## WORK REQUIRED
Omit the pictures and return exactly the stretch of the material below from the line with "Samson C03 - kondenzátorový" through the line with "Planilha para Controle de Entregas - Outros".

## INFORMATION PROVIDED
--------------------
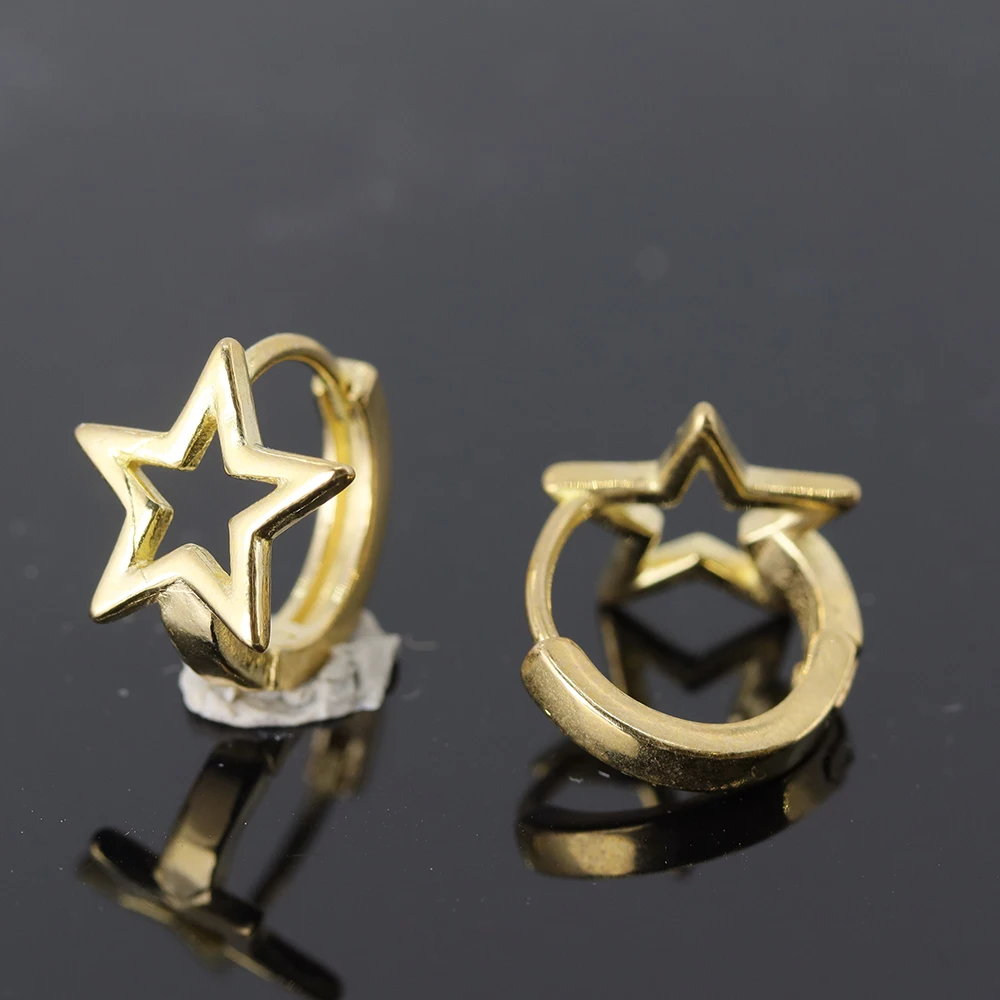 Factory Wholesale OEM ODM Star Heart Love Circle No Zircon No Electroplating Cheap Wholesale Earrings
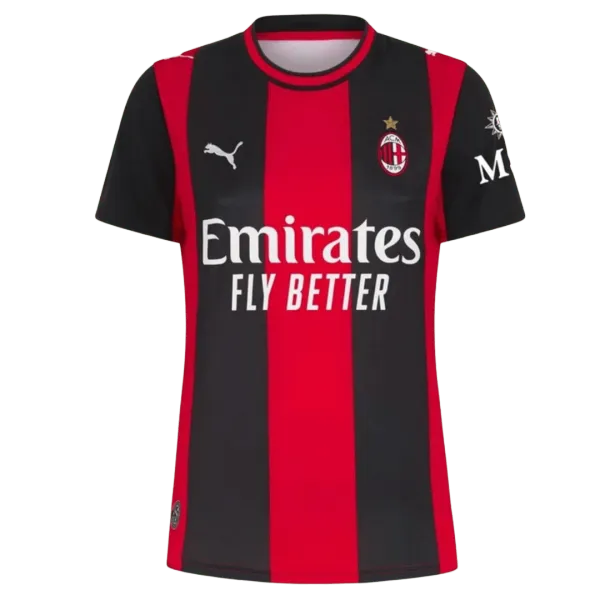 26/27 AC Milan Home Women's Jersey - A-Grade Quality Detail View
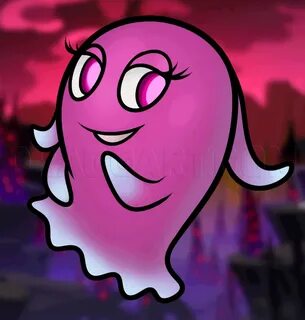 How To Draw Pinky From Pac Man And The Ghostly Adventures, S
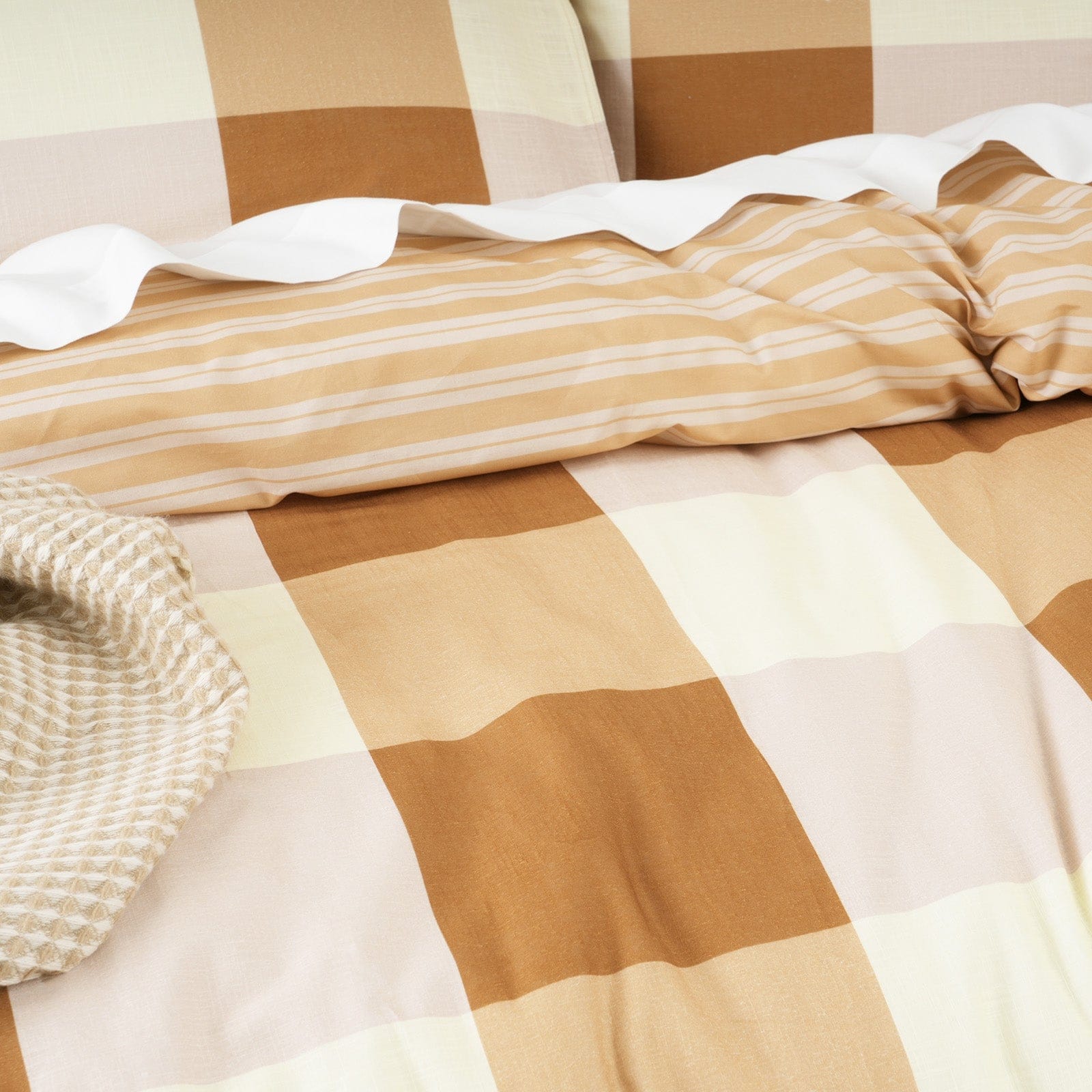 Renee Taylor Quilt Cover 300 TC Cotton Reversible Quilt Cover Sets - Berlin Checks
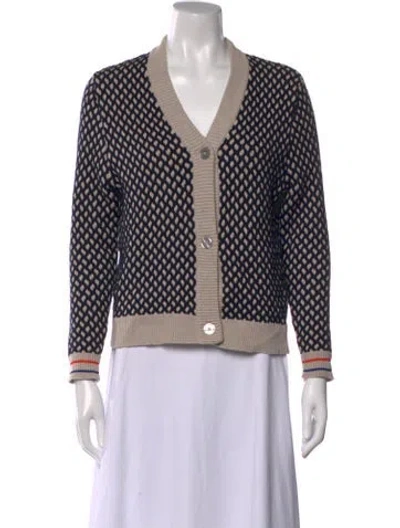 Pre-owned Kule Wool Printed Sweater In Neutrals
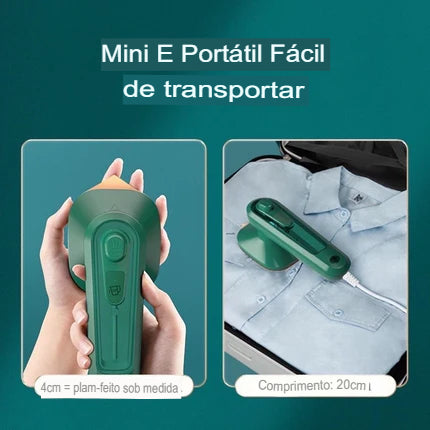 SteamEase – Mini Ferro Eletrico Portatil De Passar Roupa Vapor110v e 220v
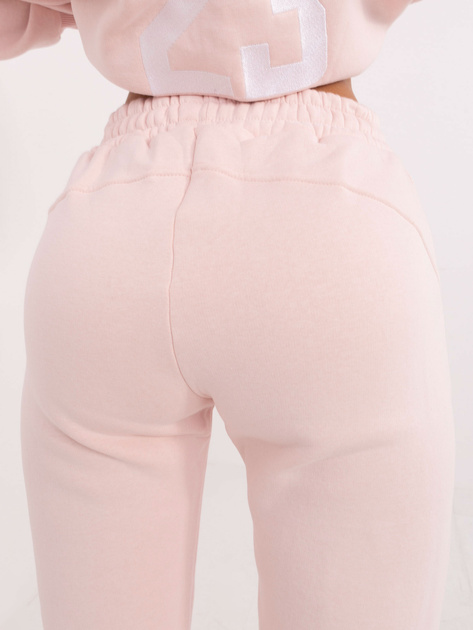 Hurt Jasnoróżowy dresowy komplet damski z ociepleniem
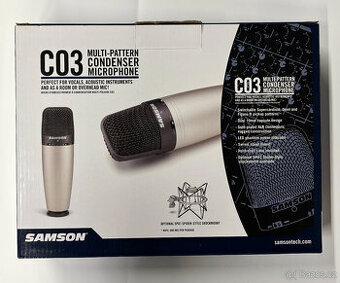 Samson C03 - kondenzátorový mikrofon - NEPOUŽITÝ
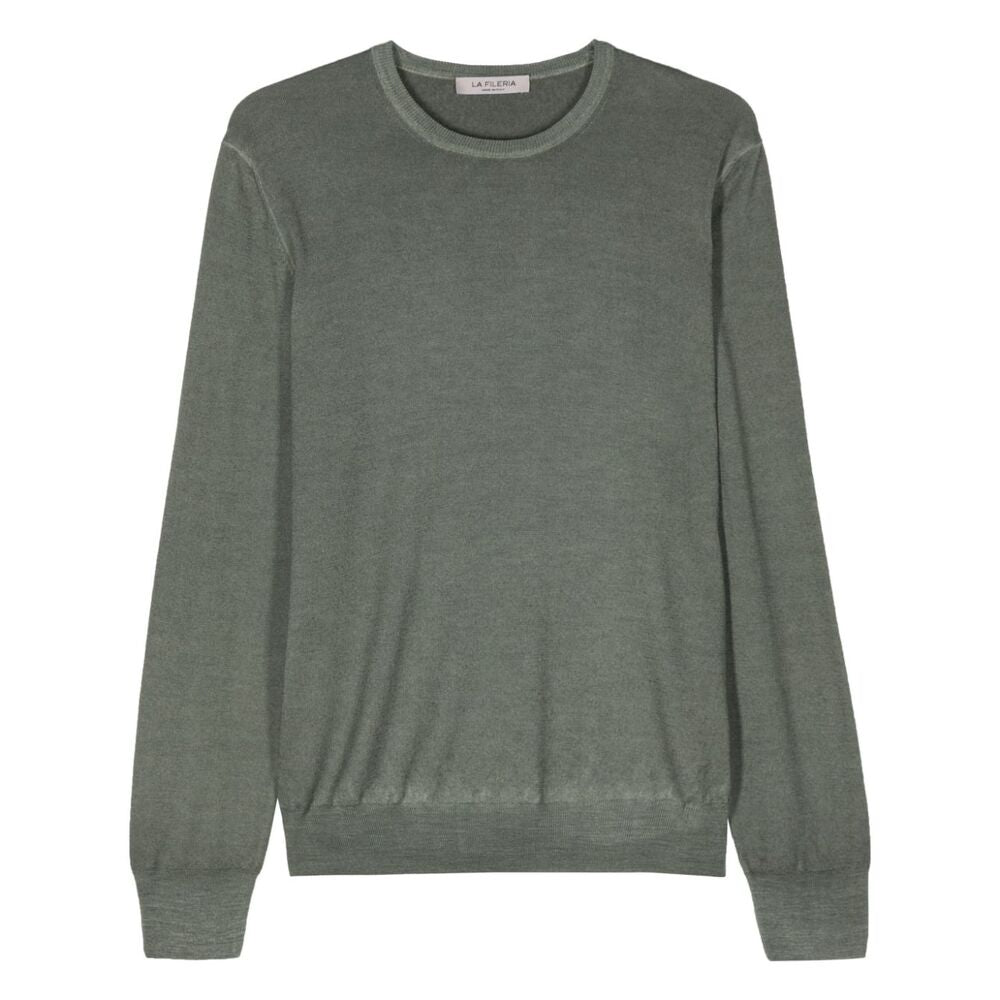 Fileria Wool Sweaters - Green | Wanan Luxury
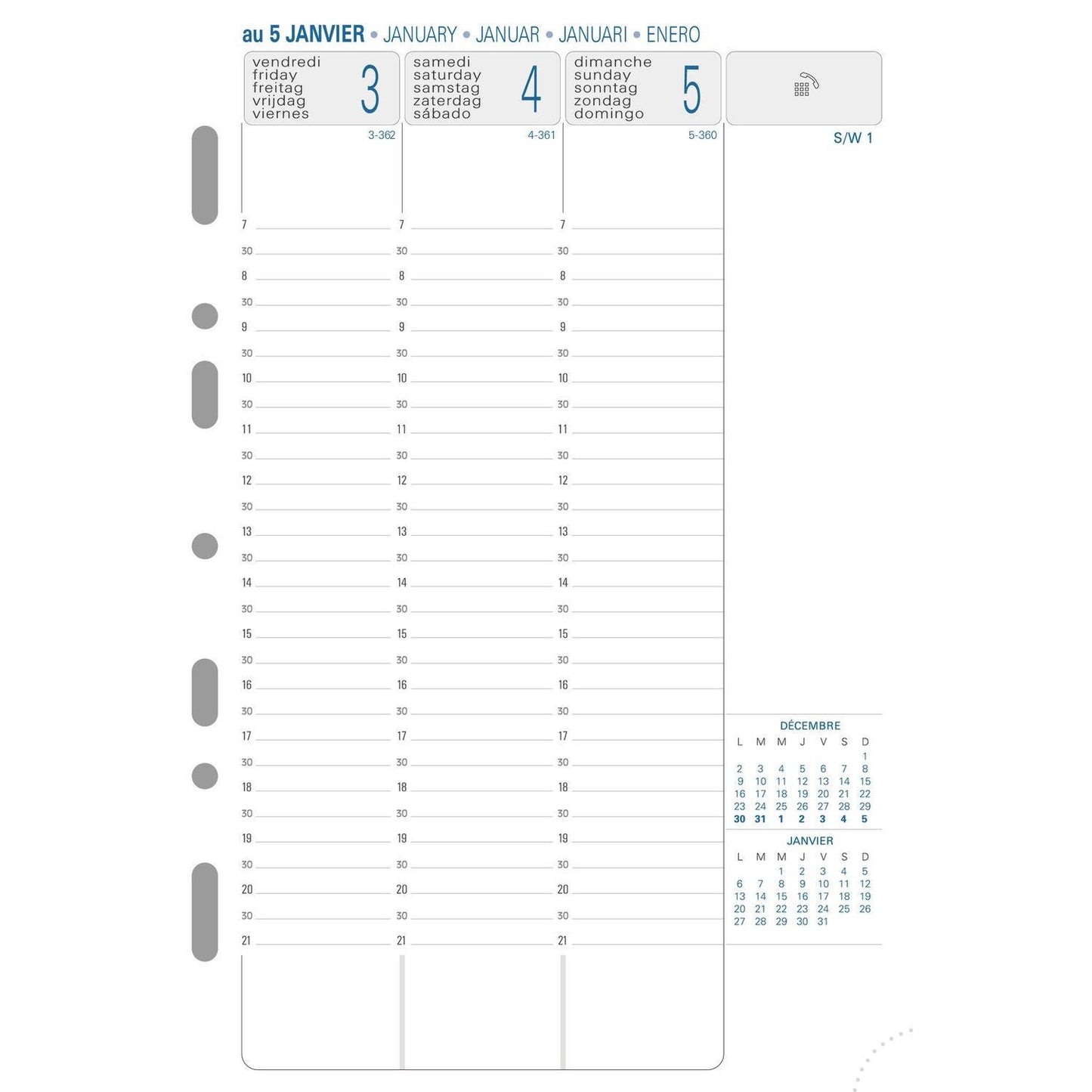 Recharge pour agenda - Exatime 21 - 2024/2025 - 28272E - Septembre à décembre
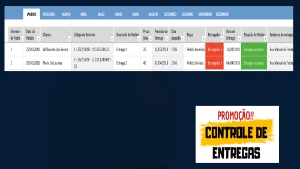 Planilha para Controle de Entregas - Outros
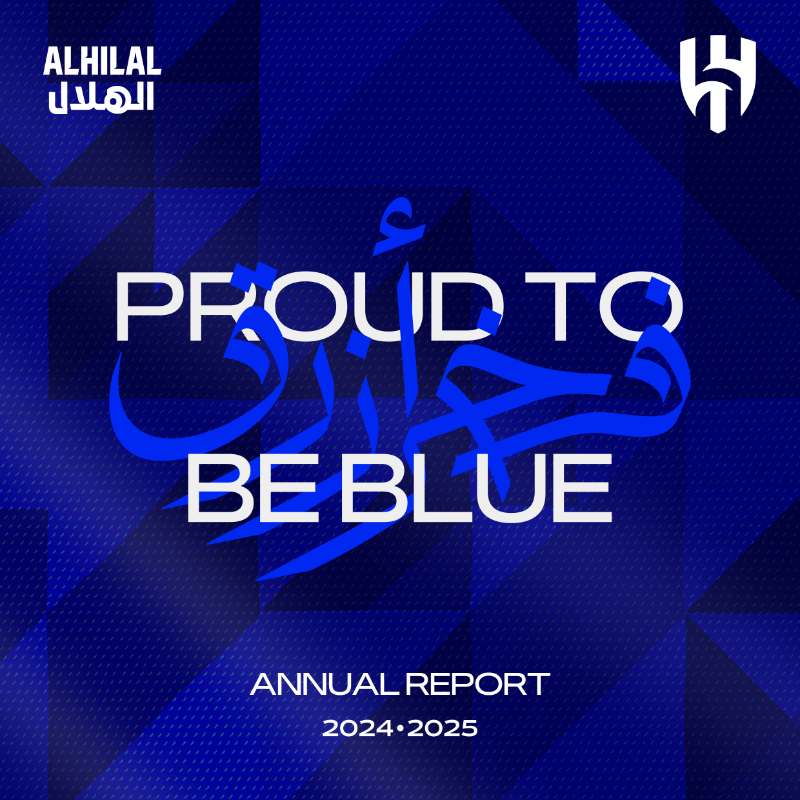 Alhilal_EN's tweet photo. Al-Hilal Annual Report 2024/25 📑

A season that delivers. An impact that lasts 💙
--------------------
## EXERCISE OUTPUT
 Samson C03 - kondenzátorový mikrofon - NEPOUŽITÝ
 Fileria Wool Sweaters - Green | Wanan Luxury
 Recharge pour agenda - Exatime 21 - 2024/2025 - 28272E - Septembre à décembre
 Planilha para Controle de Entregas - Outros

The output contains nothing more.